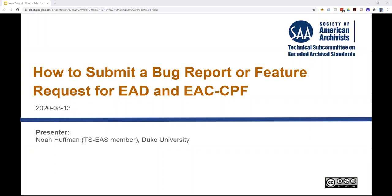Hello, I'm Noah Huffman, an archivist at Duke University and a member of SAA's Technical Subcommittee on Encoded Archival Standards. In this short video, I'm going to cover how anyone, yes anyone, can submit a bug report or a feature request for EAD and EAC-CPF. These are the two encoding standards maintained by the Society of American Archivists.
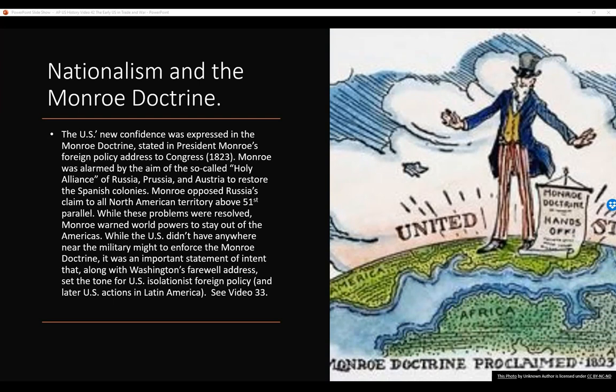Nationalism and the Monroe Doctrine. The U.S.'s new confidence was expressed in the Monroe Doctrine, stated in President Monroe's foreign policy address to Congress in 1823. Monroe was alarmed by the aim of the so-called Holy Alliance of Russia, Prussia, and Austria to restore the Spanish colonies. Monroe also opposed Russia's claim to all North American territory above the 51st parallel. While these problems were resolved, Monroe warned world powers to stay out of the Americas. While the U.S. was a pretty new nation and certainly didn't have anywhere near the military might to enforce the Monroe Doctrine, it was an important statement of intent that, along with Washington's farewell address, set the tone for U.S. isolationist foreign policy and later U.S. actions in Latin America. We'll talk about those in later videos. You can also see video 33 to learn a little bit more about the Monroe Doctrine.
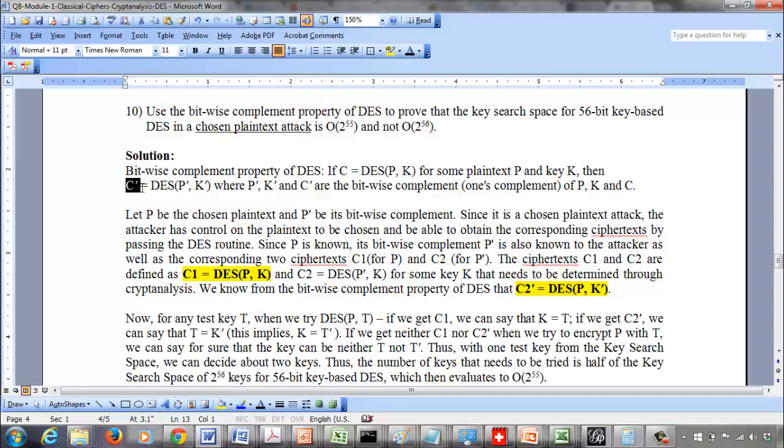We're going to exploit this property along with the chosen plaintext attack. In a chosen plaintext attack, the attacker has control over the plaintext — they can choose it and pass it through the DES routine to get the corresponding ciphertext. The attacker knows plaintext P, and since they know P, they also know P', its bitwise complement. So the attacker can pass both P and P' through DES and obtain C1 for P and C2 for P'.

_WHAT THE TASK ASKS_
Line by line, write out the data above exactly, without the pictures.

_YOUR RESPONSE_
Hello, I'm Noah Huffman, an archivist at Duke University and a member of SAA's Technical Subcommittee on Encoded Archival Standards. In this short video, I'm going to cover how anyone, yes anyone, can submit a bug report or a feature request for EAD and EAC-CPF. These are the two encoding standards maintained by the Society of American Archivists.
Nationalism and the Monroe Doctrine. The U.S.'s new confidence was expressed in the Monroe Doctrine, stated in President Monroe's foreign policy address to Congress in 1823. Monroe was alarmed by the aim of the so-called Holy Alliance of Russia, Prussia, and Austria to restore the Spanish colonies. Monroe also opposed Russia's claim to all North American territory above the 51st parallel. While these problems were resolved, Monroe warned world powers to stay out of the Americas. While the U.S. was a pretty new nation and certainly didn't have anywhere near the military might to enforce the Monroe Doctrine, it was an important statement of intent that, along with Washington's farewell address, set the tone for U.S. isolationist foreign policy and later U.S. actions in Latin America. We'll talk about those in later videos. You can also see video 33 to learn a little bit more about the Monroe Doctrine.
We're going to exploit this property along with the chosen plaintext attack. In a chosen plaintext attack, the attacker has control over the plaintext — they can choose it and pass it through the DES routine to get the corresponding ciphertext. The attacker knows plaintext P, and since they know P, they also know P', its bitwise complement. So the attacker can pass both P and P' through DES and obtain C1 for P and C2 for P'.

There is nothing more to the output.